Legal watchdog, Veritas has blamed the slow paced passing of laws in parliament to Zanu PF’s continued infighting and inherent suspicions among the party faithful.
“This failure may have been a reflection of the general stasis in normal government activity associated with infighting in the ruling party over the succession to President Mugabe,” Veritas said in a statement Monday.
The legal watchdog noted that there was also drama of a threatened impeachment against incumbent President Emmerson Mnangagwa, a change of President and a general election which affected parliament’s effectiveness.
Among other issues, according to the thinktank, additional distractions were caused by the new dispensation’s focus on re-engagement with the international community and on trying to resolve Zimbabwe’s desperate economic situation.
“More should have been achieved, given that many of the promised Bills had been in preparation for a long time and had featured in previous legislative agendas.
“Parliament’s output of Bills during 2018 was affected by the Government’s failure to achieve a sustained flow of Bills to the legislature,” Veritas added.

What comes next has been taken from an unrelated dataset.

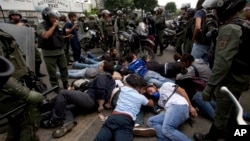 ARCHIVO - Militares de la Guardia Nacional Bolivariana de Venezuela rodean a un grupo de manifestantes detenidos en Caracas, el 14 de mayo de 2014.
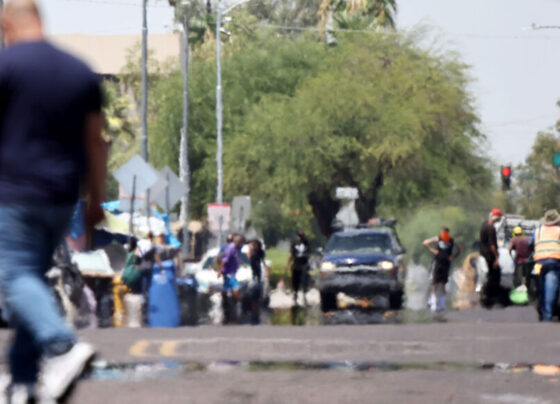 A photo of a busy street with people walking around and cars on the road. Heat haze can be seen on the road.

The eight bills which are yet to be completed include, Finance (No. 2) Bill; Finance (No. 3) Bill; Appropriation (2019) Bill passed by National Assembly 20 December with amendments; Companies and Other Business Entities Bill which was gazetted on the 5th October and presented 1st November with no further progress by end of 2018.
Among outstanding laws is the Tripartite Negotiating Forum Bill gazetted 8th June, presented 19th December; and the Consumer Protection Bill gazetted on 21st December, awaiting presentation; as well as the Microfinance Amendment Bill.
During his State of the Nation Address to Parliament in September last year, President Mnangagwa outlined the Government’s legislative agenda and the Bills that government will present to Parliament, and expects to be passed during the First Session of the new Parliament.
However, even most of these bills which speak to the ease of doing business in the country are yet to be finalised.